Column: Als het leven broos wordt

Ds Wim Beekman. foto Sandra Haverman

Ds Wim Beekman is classispredikant (of ‘classisdominee’ zoals hij het zelf liever noemt) van Friesland. Hij schrijft wekelijks een column voor de Leeuwarder Courant (www.lc.nl). Deze week kijkt hij terug op de afgelopen coronamaanden, met al zijn problemen en worstelingen. Hij leest zijn eigen columns terug en beseft hoe broos en kwetsbaar het leven is gebleken het afgelopen jaar.

‘DAT DOE IK WEL EVEN’, denk ik als Leo Fijen mij vraagt een aantal columns uit coronatijd bij elkaar te zoeken om in een boekje te bundelen. Niet dus. Voor ik er erg in heb, ben ik volledig verzonken in de dagen en weken na 12 maart 2020. Toen het leven zomaar broos werd.

De vrees, de verwarring en de beperkingen die kwamen, de onbevangenheid die verdween – alles trekt aan me voorbij. En het raakt me. Alsof ik een luikje in het hart opendoe. De beelden komen terug, en hoe het voelde ook.

De lege banken van de Martinikerk, waar ik op een eenzame preekstoel sta

De kleindochter die even komt zwaaien voor het raam, en weer vertrekt zonder binnen te komen. De kerkdienst op bed voor Omrop Fryslân. De lege banken van de Martinikerk in Franeker, waar ik op een eenzame preekstoel sta.

Het verhaal van de storm op het meer die ineens onze coronastorm wordt die over de wereld raast. De regel binne wy in duvels macht uit het Onze Vader van Eppie Dam die ineens zo anders voelt dan voor de tijd van corona.

Mijn schuldgevoel als een vriendin me vraagt hoe we de kerkdeur nu kunnen sluiten. ,,Zelfs in de oorlog bleven de kerken open. Juist nu hebben we de troost, de bemoediging en de verbondenheid door de kerkdienst nodig.”

De besmuikte blikken van enkele dames op straat

De besmuikte blikken van enkele dames op straat als ik de supermarkt uitkom met een pak wc-papier. Het gehannes met een mondkapje bij de bakker, mijn bril die beslaat en het hoortoestel dat achter het touwtje blijft haken.

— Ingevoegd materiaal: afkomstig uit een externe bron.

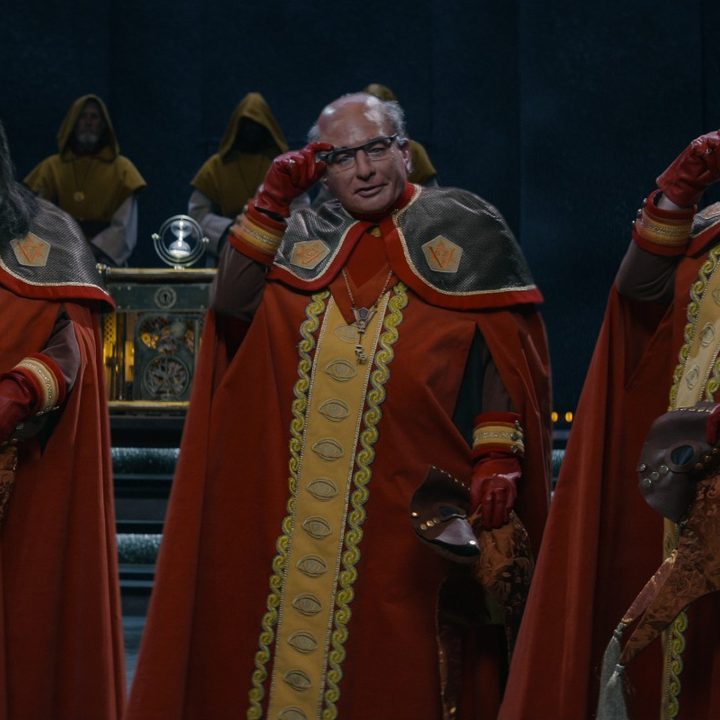 Mike Myers plays three members of The Pentaverate, saluting the camera, in a scene from the Netflix series.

De gesprekken met bekenden aan de overkant van de straat die evenals wij ‘een frisse neus’ gaan halen. Mijn heimelijke gedachte in april: ‘Ik weet niet of we Pasen weer in de kerk kunnen vieren. Het zou wel eens Pinksteren kunnen worden eer dit allemaal voorbij is.’

De verhalen van bekenden die ziek zijn geworden van het virus. De berichten van wie een dierbare aan deze ziekte verloor. Van ondernemers en allen die rechtstreeks in hun bestaan geraakt zijn. En ook van wie er in inkomen op vooruit gegaan zijn.

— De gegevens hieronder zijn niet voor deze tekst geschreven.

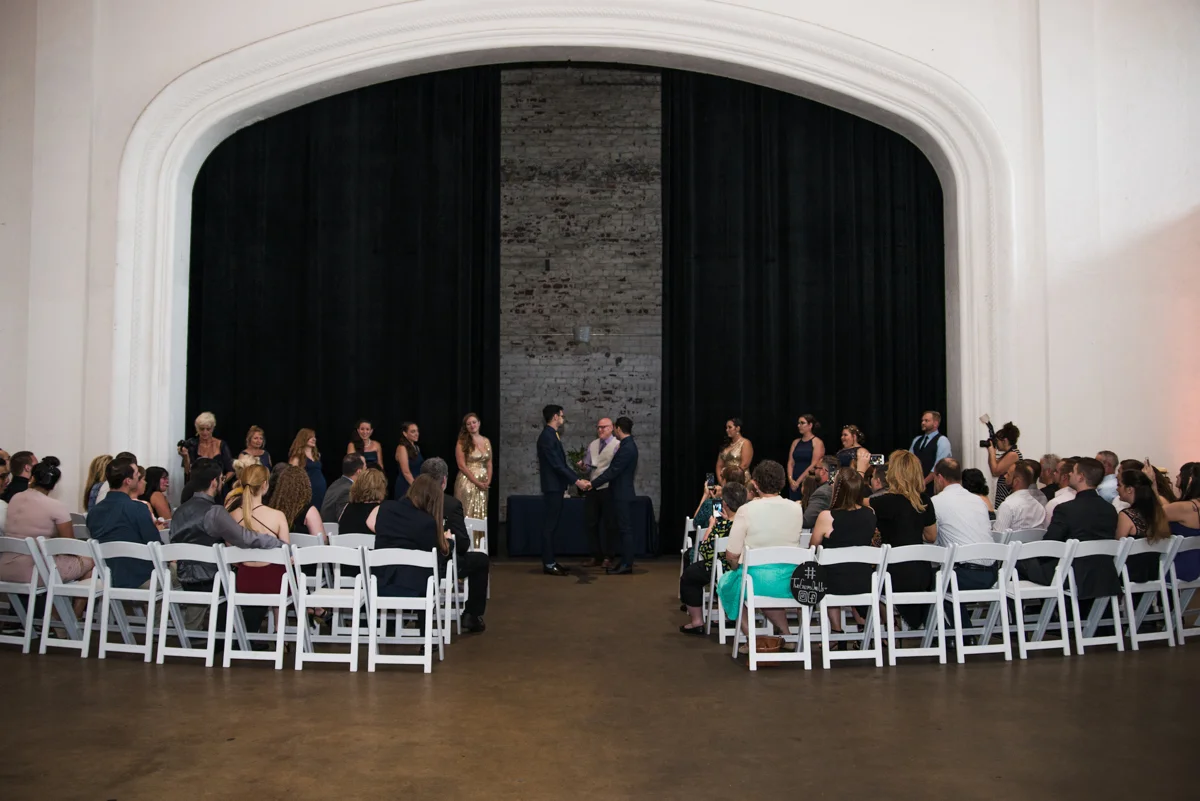 rialto theatre wedding ceremony in front of theatre curtains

Is het verantwoord er met de boot op uit te gaan?

De verwarring in de zomer wat je doen of laten zult. Is het verantwoord er met de boot op uit te gaan en in een jachthaven te liggen? Kunnen we de kleinkinderen weer een paar dagen aan boord nemen? Alle keren dat ik mijn gedachten hierover weer bijstel. Alles wat voortdurend wisselt in mijn hoofd.

Terwijl ik al mijn columns uit de afgelopen maanden teruglees, komt er één woord bij me boven: ‘broos’. Ineens is het leven broos geworden. Daar moesten we het mee doen, daar hebben we het mee gedaan, daar zullen we het nog mee moeten doen.

Al die maanden schreef ik hier over één gevoel: het leven is broos gebleken, en kwetsbaar. Met daarbij één houvast:

Het gekrookte riet zal Hij niet verbreken, de walmende vlaspit niet uitdoven (Jesaja 42:3).